▶ [Material to process]

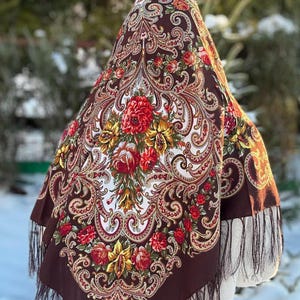 Brown Ethnic Folk Wool Shawl Slavic  Floral Scarf Modern Chic Boho Pavlovo Posad with Classic Timeless Floral shawl Christmas gift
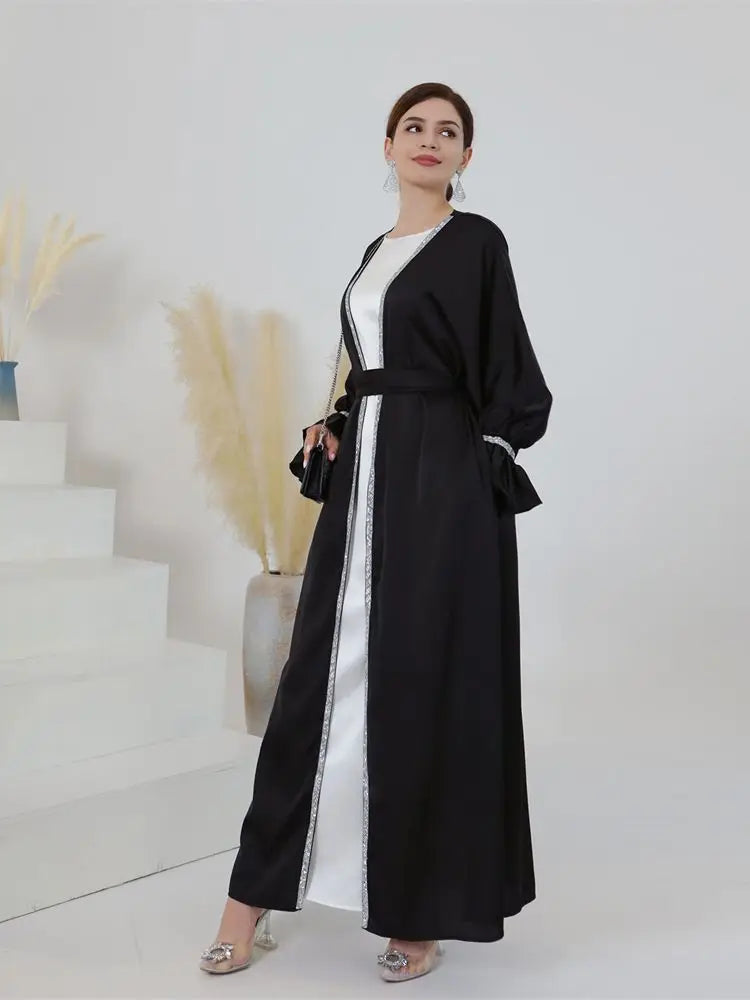 Women's Arabian V-Neck Polyester Full Sleeve Plain Pattern Abaya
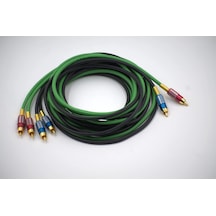 Bakır Amfi Rca Kablosu - 2 Giriş 4 Çıkış Anfi Rca Kablosu - 5 Metre - El Yapımı Tam Bakır - 5 Metre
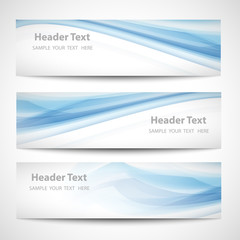Abstract header blue wave white vector design. card set
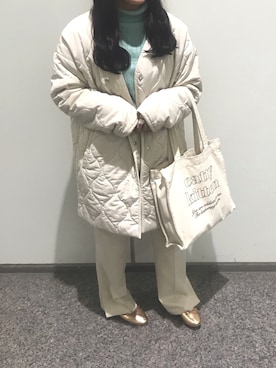 「DISCOAT（ディスコート）のバレーシューズ（バレエシューズ）」を使った、riritam4012さん（レディース・156cm）の冬コーディネート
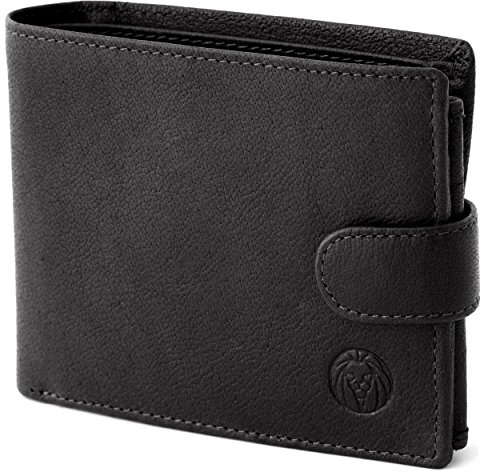 Lucleon Portmonee Herren Schwarz | Hochwertiger Leder Geldbeutel Herren aus echtem Leder | Stilvollem Design & praktischer Aufteilung mit 12 Kartenfächern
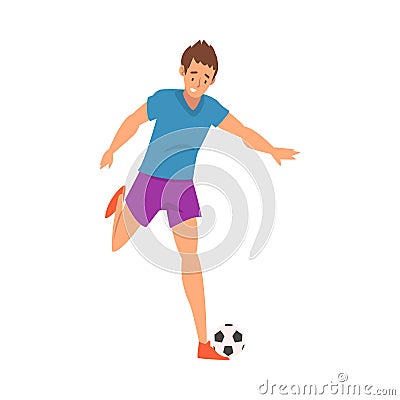 Soccer Player in Sports Uniform Kicking the Ball, Front View, Professional Athlete Character in Action Vector Vector Illustration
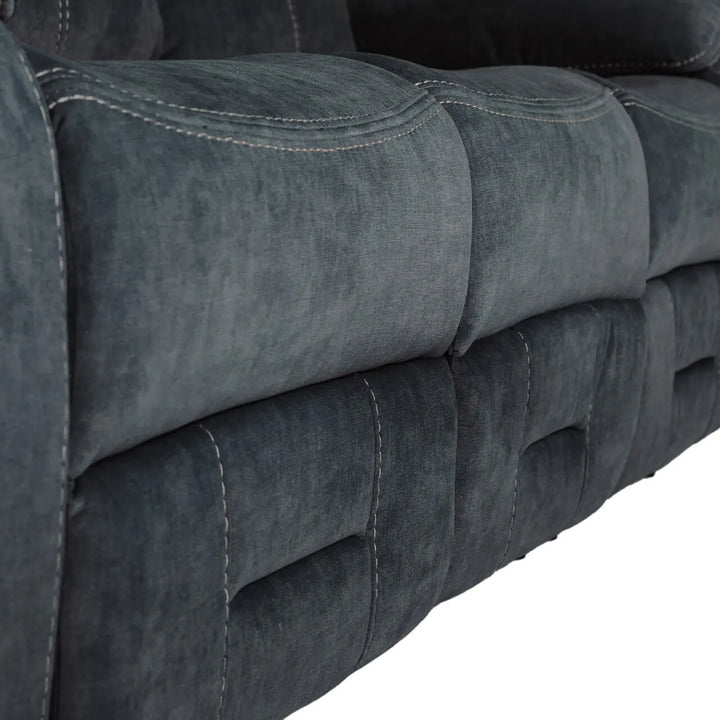 Klayton 3 Seater Manual Recliner Sofa in Khaki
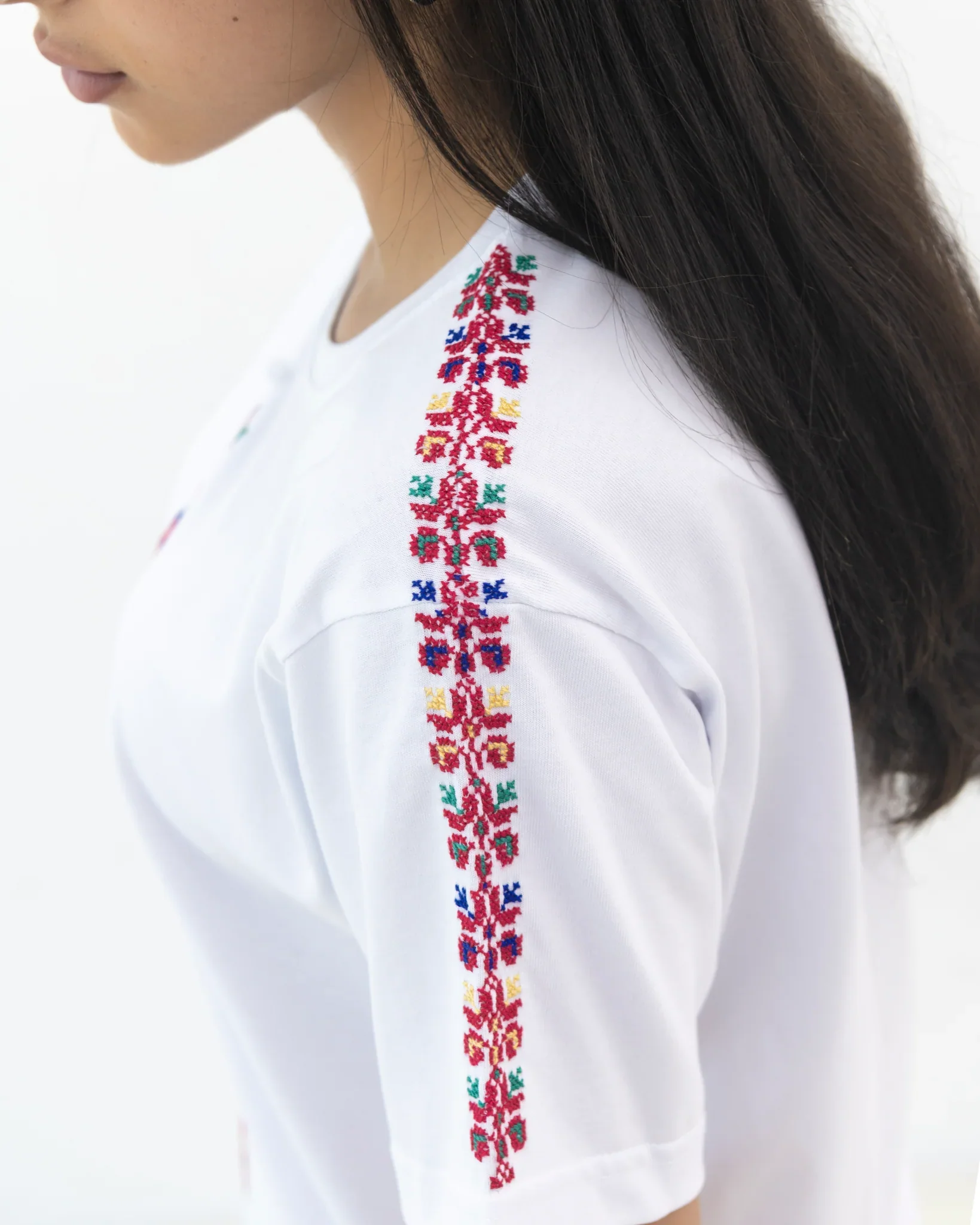 White Reflection Embroidered T-Shirt - Image 2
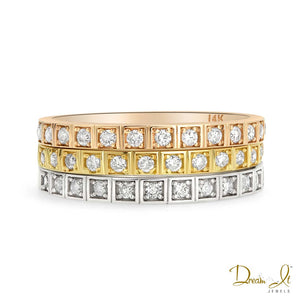 14 Karat Gold and Diamond (0.17ct) Stackable Ring | Dream It Jewels 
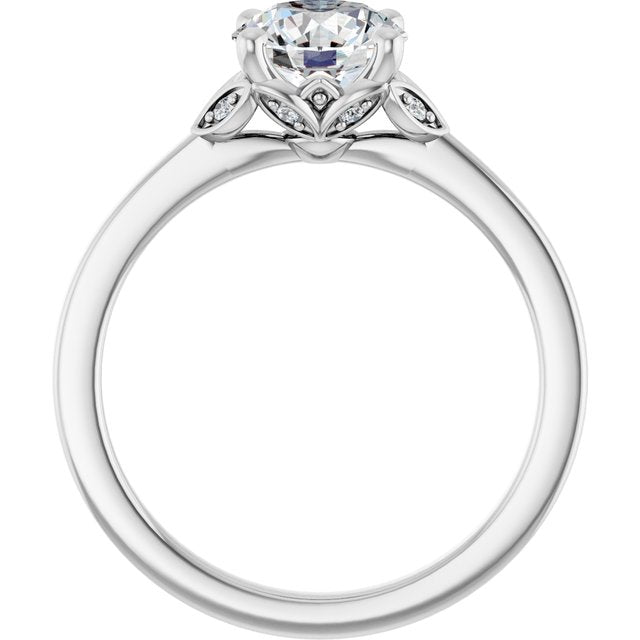 1.25 Carat Continuum Silver Round Brilliant Moissanite Accented Engagement Ring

▶ [What to do]
Reproduce each line above exactly, but not a single picture.

▶ [Exercise result]
 Brown Ethnic Folk Wool Shawl Slavic  Floral Scarf Modern Chic Boho Pavlovo Posad with Classic Timeless Floral shawl Christmas gift
 Women's Arabian V-Neck Polyester Full Sleeve Plain Pattern Abaya
 Bakır Amfi Rca Kablosu - 2 Giriş 4 Çıkış Anfi Rca Kablosu - 5 Metre - El Yapımı Tam Bakır - 5 Metre
Abstract header blue wave white vector design. card set
 「DISCOAT（ディスコート）のバレーシューズ（バレエシューズ）」を使った、riritam4012さん（レディース・156cm）の冬コーディネート
 Lucleon Portmonee Herren Schwarz | Hochwertiger Leder Geldbeutel Herren aus echtem Leder | Stilvollem Design & praktischer Aufteilung mit 12 Kartenfächern
 Soccer Player in Sports Uniform Kicking the Ball, Front View, Professional Athlete Character in Action Vector Vector Illustration
 Klayton 3 Seater Manual Recliner Sofa in Khaki
 White Reflection Embroidered T-Shirt - Image 2
 14 Karat Gold and Diamond (0.17ct) Stackable Ring | Dream It Jewels 
 1.25 Carat Continuum Silver Round Brilliant Moissanite Accented Engagement Ring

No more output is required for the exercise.